Ms Reeves said the money would be used to recruit 350 planners to help drive up housebuilding and help the government meet its target of 1.5 million homes.
The recruitment drive will be delivered by expanding a planning graduate scheme and creating a new planning careers hub to retain and retrain mid-career professionals, according to Budget documents published by the Treasury.
Combined with more staff being brought in to environmental regulators, the government said it will take the total number of recruitments across the system to 1,400 by the end of this parliament.
Jonathan Layzell, chief executive of Stonewater, said: “The chancellor has rightly focused this Budget on tackling the cost of living. It is the necessary precursor to improving economic growth.
“So often that growth begins at home, and we need to build many more.
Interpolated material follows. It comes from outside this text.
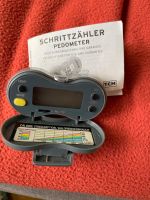 Schrittzähler Pedometer Nordrhein-Westfalen - Möhnesee Vorschau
The announcement of £48m for 350 new planners is a welcome step to unblock the system.
“Taken with the £39bn Social and Affordable Homes Programme announced earlier this year, the sector is well positioned to support the government’s target of 1.5 million new homes.”
John Gregory, partner and planning lawyer at law firm Weightmans, said: “There’s no question that local planning authorities desperately need more qualified officers – the shortage has been undermining service delivery for years.
“The government’s funding for 350 additional planners demonstrates they understand the scale of the problem.”
Mr Gregory added that funding recruitment is only half the battle and it was “encouraging” to see that the government also recognises the need for stronger retention strategies through the new planning careers hub.
He said: “Without a clear strategy to incentivise talent to stay in public sector roles, we risk creating an expensive training programme that ultimately benefits the private sector consultancies that we often see planners, understandably, leaving for.
“If Labour is serious about its housing targets, it needs to make local government an attractive place to build a planning career.”